И как ни старался выяснить, какою буквой начинается фамилия озорника, ни словом не обмолвилась могильная тишина.

Не вытерпел я его отсебятины:

«А ты сам, спрашиваю, сам чего ради рубил своих бояр наотмашь?.. Не вырубил до конца, вот и покатились под гору и держава, и вера, и самая твоя родня!»

«Так ведь я-то, – слышу, гневаться изволит усопший царь, – я-то спесь да корысть боярские изживал, а ты какой ради всесветно-исторической напраслины неповинных терзаешь? Всю державу сквозь сито Иродово не пропустишь...»

«Смотря какое сито! Ты главных гнезд злодейских недовырубил, так они не только племя твое извели, татарина на престол отчий посадили. У меня Курбских поболе твоего, но я после себя шалунов не оставлю».

И поведал я Ивану, как его же способом свою семибоярщину на чистую воду выводил. После заседанья раз прошусь у них на покой ввиду обостренья недугов: «Устарел, братцы, отпустите в родимый Туруханский край на жаркой печке век долеживать!» Сам же, пригорюнившись на русский образец, смотрю из-под ладошки, как они ждут продолженья, потеют, безмолвствуют. На практике обучены, кто глаза чуть в сторону отвел, враз того и склюну. Один Тимофей Скуднов, верный-то мой, голову опустил при заметно неспокойных руках, да и скула в красных пятнах не зря подрагивает. Зато с другого края подымается чином помельче, настоятельно убеждает не покидать корабль в разыгравшейся международной обстановке под предлогом – что середь моря не отдыхают... Попозже, тоже в час ночной, призвал я увещевателя моего: «Как же ты, Никита, – попрекаю и сам в очи ему смотрю, побледневшему, – отдохнуть не пускаешь, в пучину завтрашнюю гонишь, а я-то сдуру, со слов жены, в преданность твою поверил, на вершину возвел!» В ответ заливается горючими слезами, благо наедине: «Без любимого отца-капитана на мостике ножами исполосуемся по сиротству своему!» Ну, обнял я его на прощанье... Но, сколько в тот раз ни волынились мы с Иваном, так и не удалось радразнить его на признанье – который из двух – Никита или Тимоха, зуб на меня точит, если же оба – то вострее чей?

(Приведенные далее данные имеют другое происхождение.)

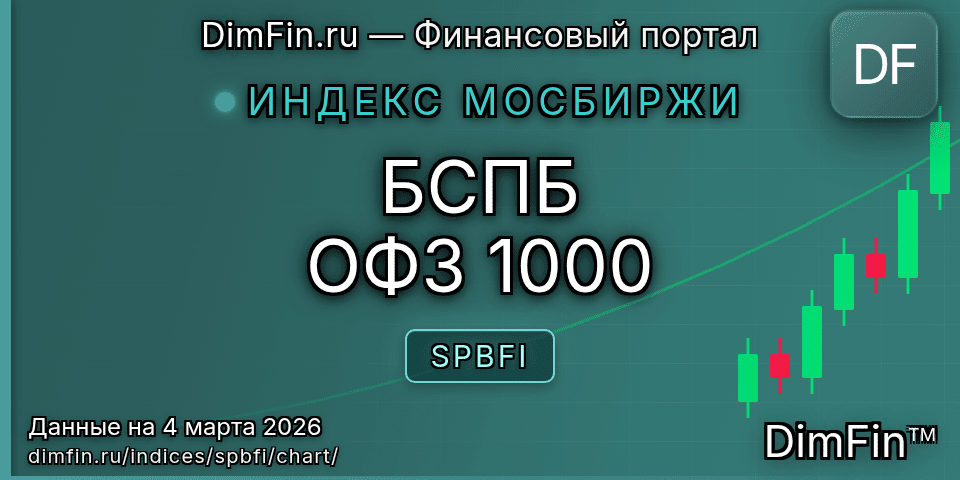 График БСПБ ОФЗ 1000 (SPBFI) — интерактивный свечной график онлайн График БСПБ ОФЗ 1000 (SPBFI) — интерактивный свечной график онлайн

«Вроде свояки мы с тобой через Темрюковну, – стал я закругляться тогда, – вот и потешил бы Осипа, подарил ему оскорбителя поиграться чуток, пускай без отнятия жизни. Надрубил, разлюбезный Ваня, так уж отрубай! – Но как ни подлаживался, молчит царская гробница: тут и я распалился. – Не желаешь дружка уважить, а Тимоха-то давно в кармане железном у меня сидит. Раз я без подмоги твоей обошелся, то злу пощады нет. Уж постараемся, чтобы вздох Тимохин докатился к тебе в тесную твою каморку.

Хожу с той поры, во сто очей ко всякому приглядываюсь, да разве нашаришь его

вслепую!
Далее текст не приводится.